* **WORK REQUIRED**: The lines below, from the one containing "Hidalgo to Rectoría General map" through the one containing "Ícone do assistente", should be set down exactly, with no pictures and nothing else.

* **SUPPLIED DATA**:
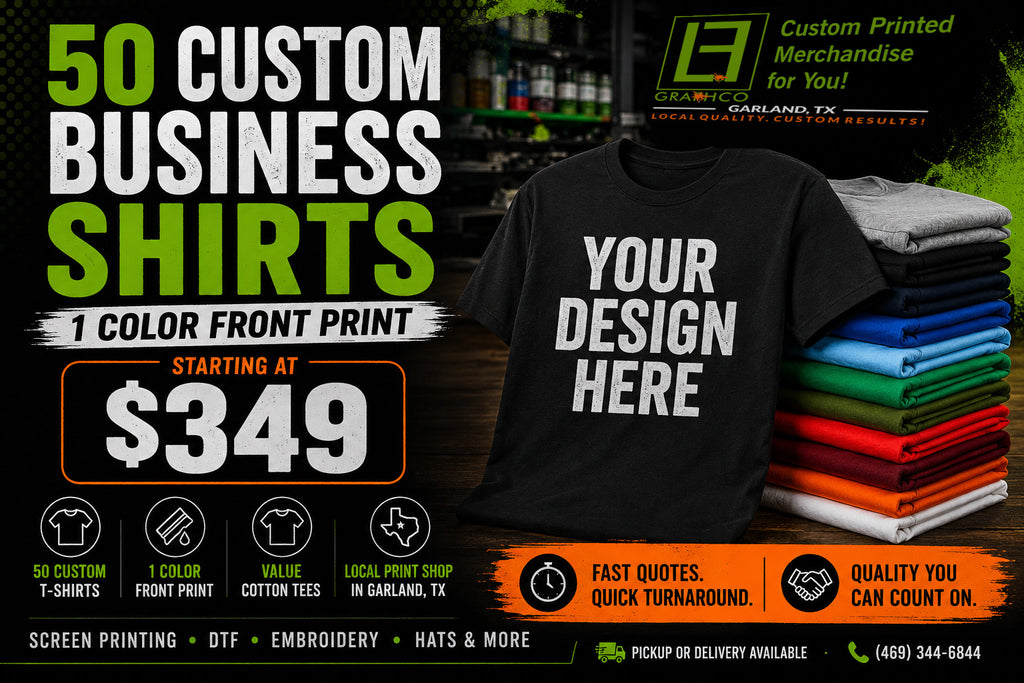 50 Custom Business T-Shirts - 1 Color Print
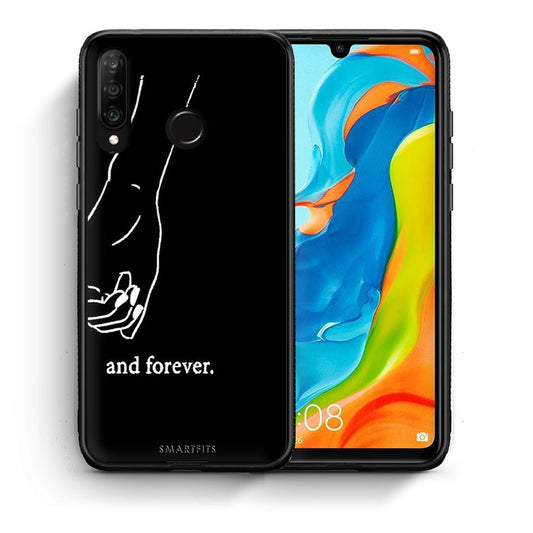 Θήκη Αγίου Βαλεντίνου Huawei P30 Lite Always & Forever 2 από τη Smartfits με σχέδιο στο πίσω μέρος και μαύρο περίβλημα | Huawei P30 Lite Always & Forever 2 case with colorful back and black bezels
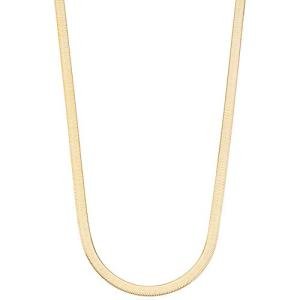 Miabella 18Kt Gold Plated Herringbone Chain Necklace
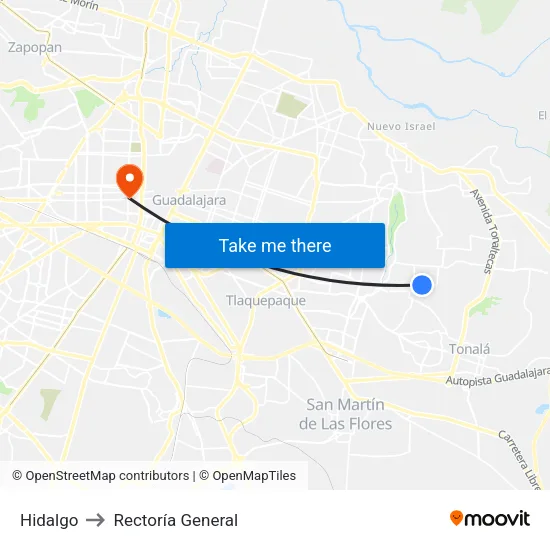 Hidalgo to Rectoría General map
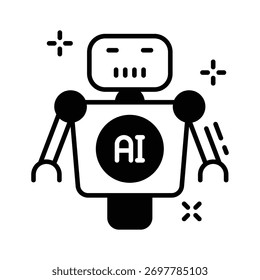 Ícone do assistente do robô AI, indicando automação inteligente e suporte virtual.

==

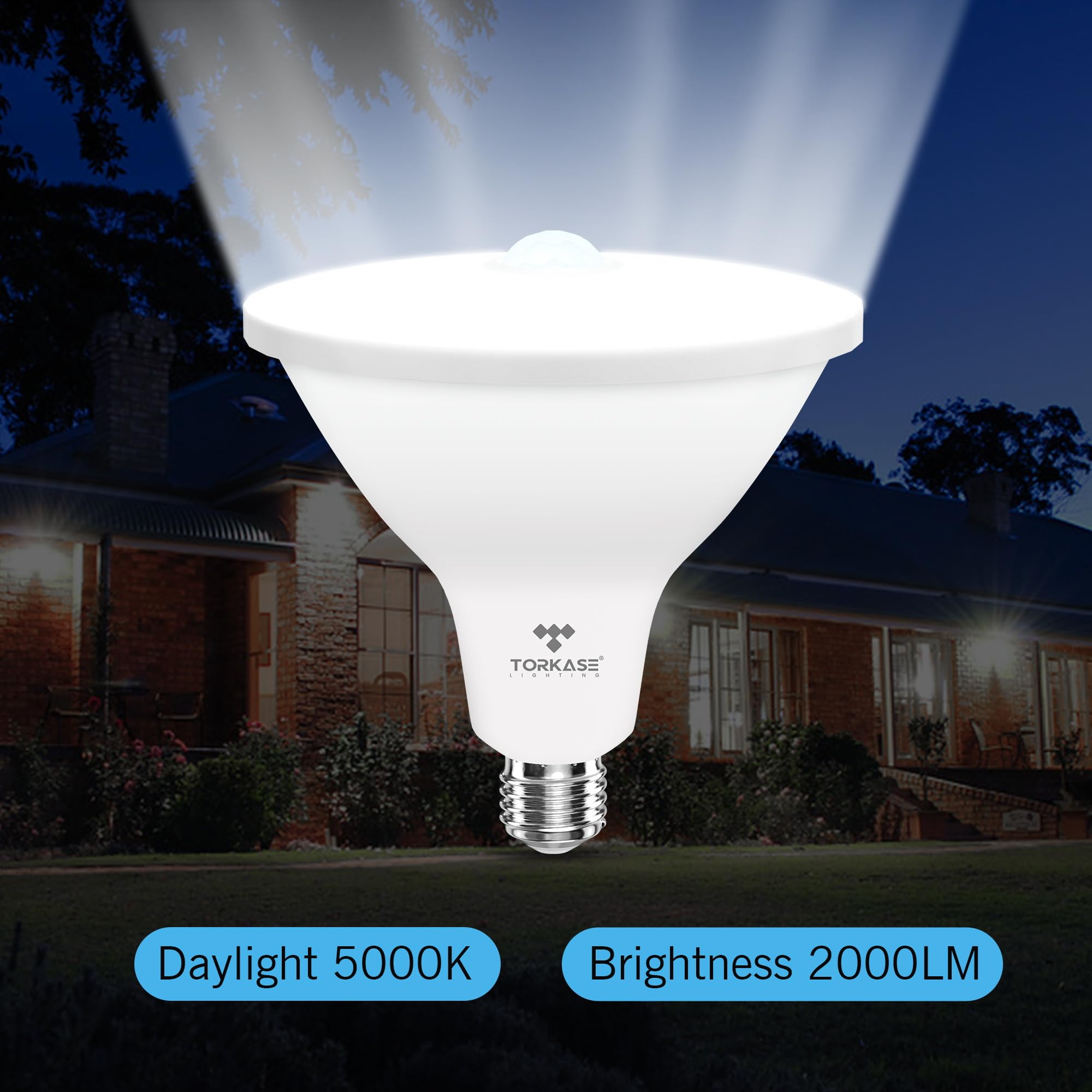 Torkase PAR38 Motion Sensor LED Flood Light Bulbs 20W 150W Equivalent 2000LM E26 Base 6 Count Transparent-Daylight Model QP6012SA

---

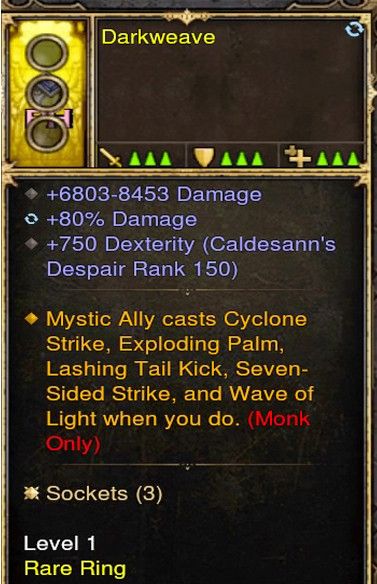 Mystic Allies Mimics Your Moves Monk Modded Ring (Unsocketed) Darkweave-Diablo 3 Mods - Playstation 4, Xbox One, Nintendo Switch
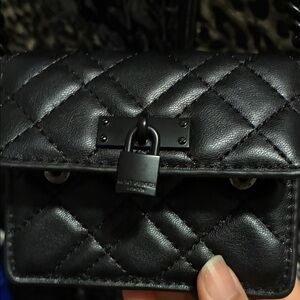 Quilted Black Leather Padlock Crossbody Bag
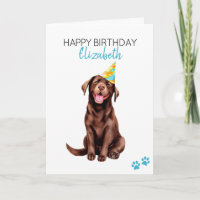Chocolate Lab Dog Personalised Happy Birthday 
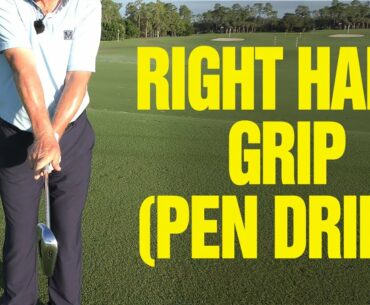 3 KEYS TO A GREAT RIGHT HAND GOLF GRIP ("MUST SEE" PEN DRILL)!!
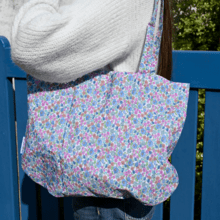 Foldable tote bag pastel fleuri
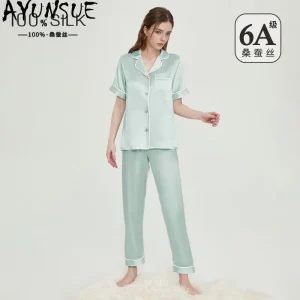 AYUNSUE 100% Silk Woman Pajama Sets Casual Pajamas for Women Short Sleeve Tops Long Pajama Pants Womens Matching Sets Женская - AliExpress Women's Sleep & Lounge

* **TASK ANSWER**:
 Hidalgo to Rectoría General map
 Ícone do assistente do robô AI, indicando automação inteligente e suporte virtual.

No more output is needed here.